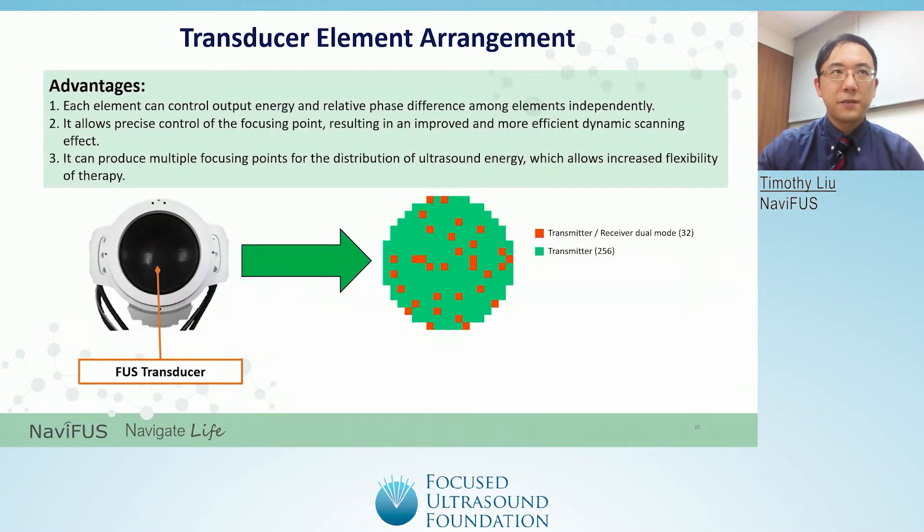Firstly, the Navifus One is a phased array ultrasound system with a 256-element transducer. Up to 32 elements can be used as a receiver for different functions. Advantages of the transducer design are as follows: each element can control output energy and relative phase difference among elements independently; it allows precise control of the focusing point, resulting in an improved and more efficient dynamic scanning effect; and it can produce multiple focusing points for the distribution of ultrasound energy, which allows increased flexibility of therapy.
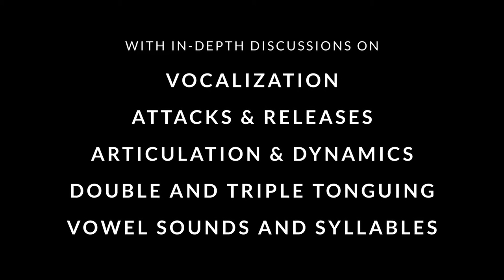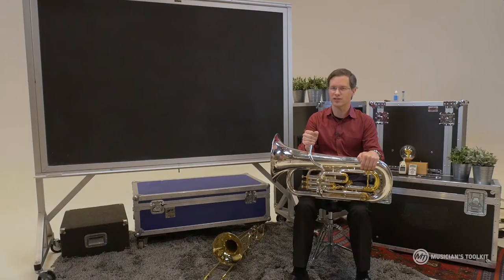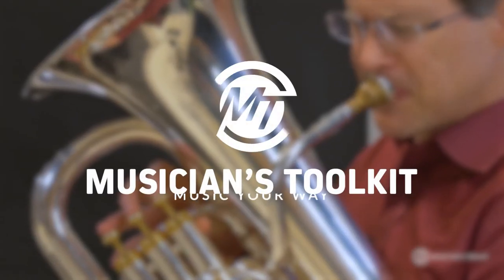I know there's a lot of detail in them, but I promise you, if you can spend time focusing on each of the different components, you will become a masterful musician using articulation. This is Adam Frey and Musicians Toolkit.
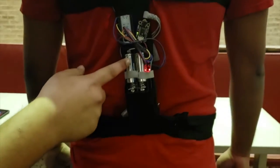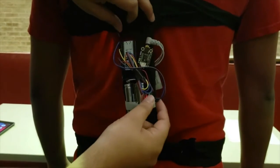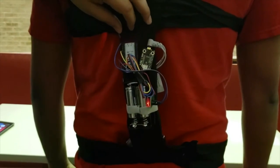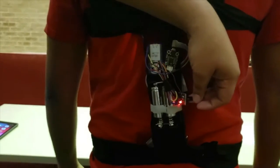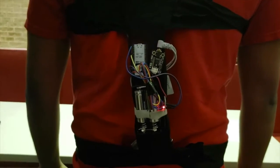Here you can see our battery pack. It is two 1,000 milliamp-hour lithium iron phosphate batteries. Here you can see our boost converter, which converts the battery from 3.3 volts to 5 volts and powers the entire system.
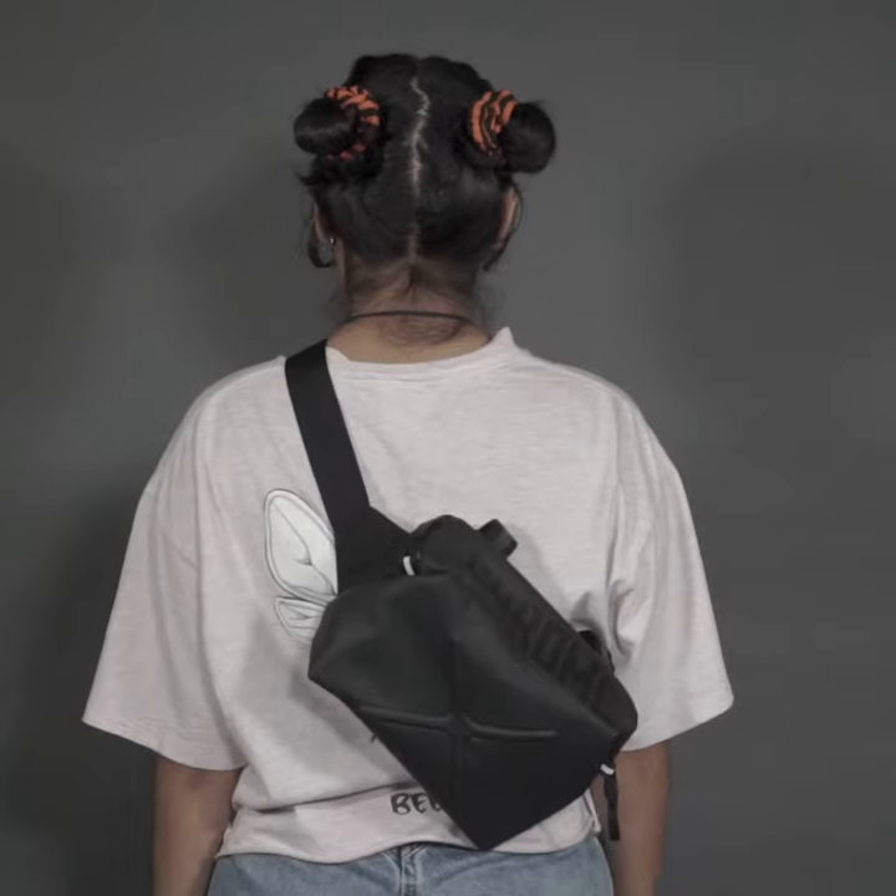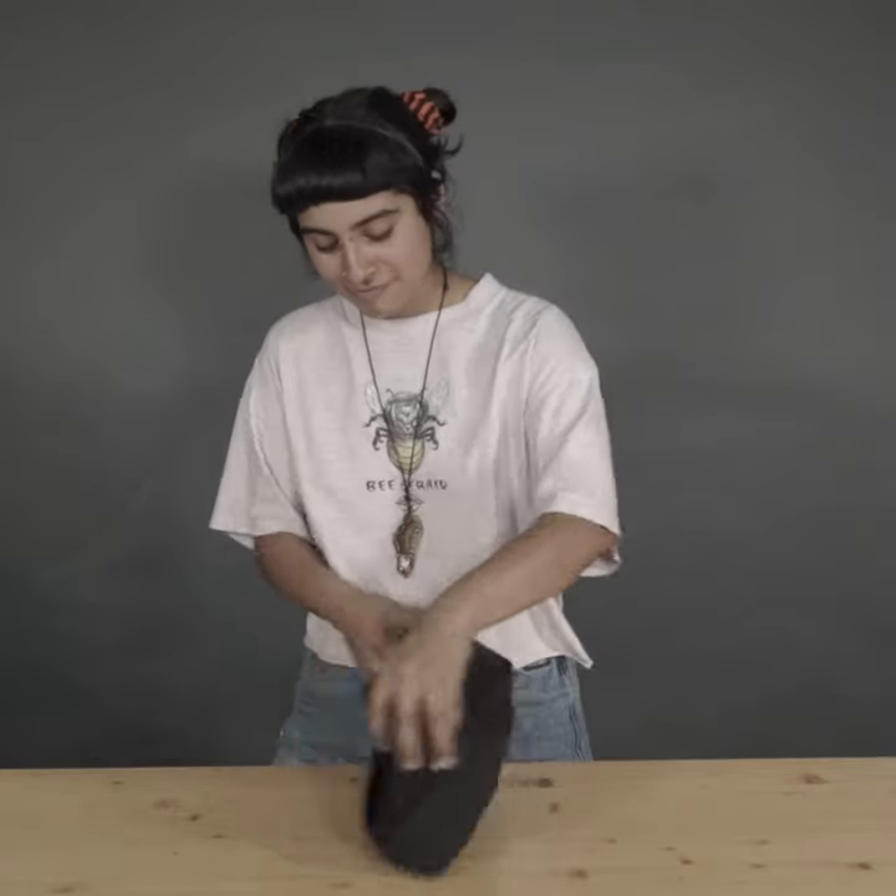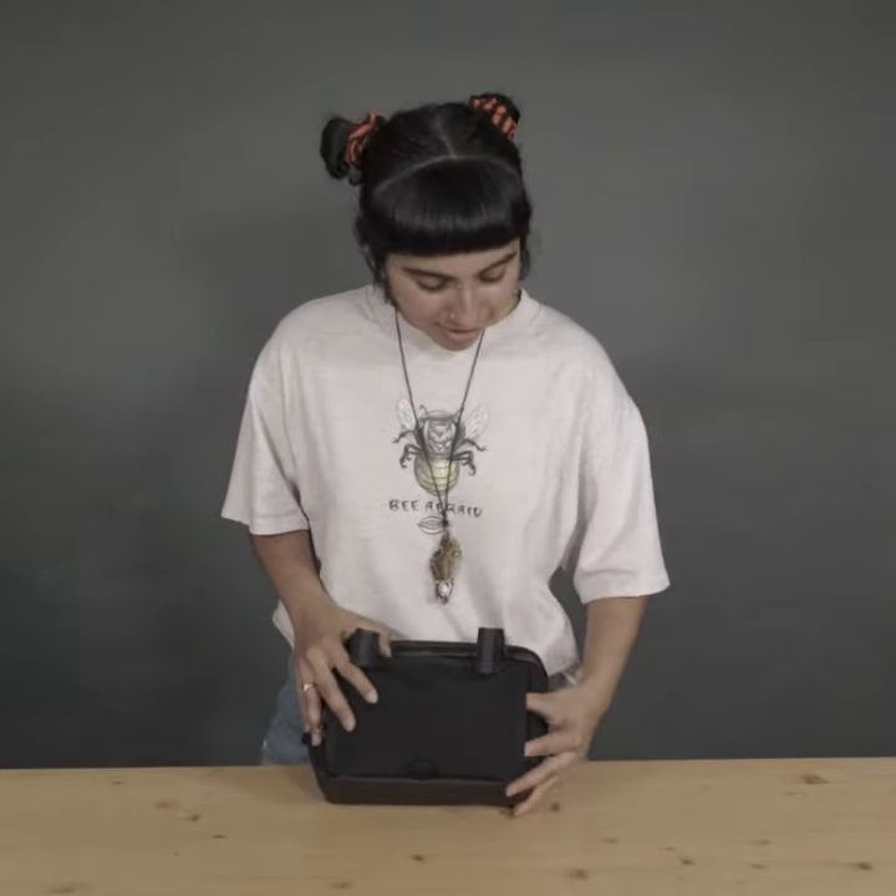It's meant to be with you all day on the bike and on your body. Put the hidden strap in the back. You can wear it across your body or around your waist.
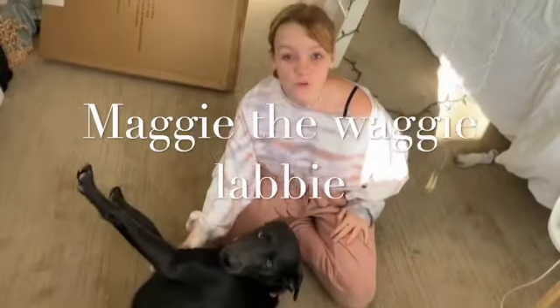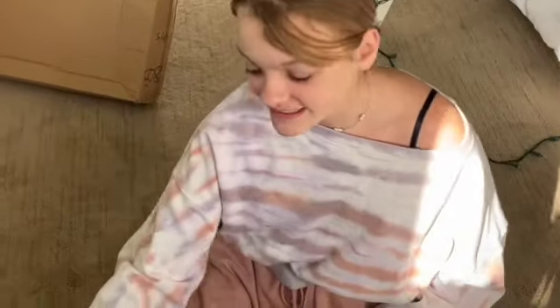Hey guys, welcome back to Maggie the Waggy Labby. As some of you might know, we are getting a second dog, and for that second dog we ordered her a travel crate and it came today. So we're just going to be doing some unboxing and we're going to let Maggie go in and stuff. Let's go ahead and get on to the video.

Exercise objective — Leaving pictures aside, give again word for word each line from the one with "I know there's" to the final line of the entries.

The answer —
I know there's a lot of detail in them, but I promise you, if you can spend time focusing on each of the different components, you will become a masterful musician using articulation. This is Adam Frey and Musicians Toolkit.
Here you can see our battery pack. It is two 1,000 milliamp-hour lithium iron phosphate batteries. Here you can see our boost converter, which converts the battery from 3.3 volts to 5 volts and powers the entire system.
It's meant to be with you all day on the bike and on your body. Put the hidden strap in the back. You can wear it across your body or around your waist.
Hey guys, welcome back to Maggie the Waggy Labby. As some of you might know, we are getting a second dog, and for that second dog we ordered her a travel crate and it came today. So we're just going to be doing some unboxing and we're going to let Maggie go in and stuff. Let's go ahead and get on to the video.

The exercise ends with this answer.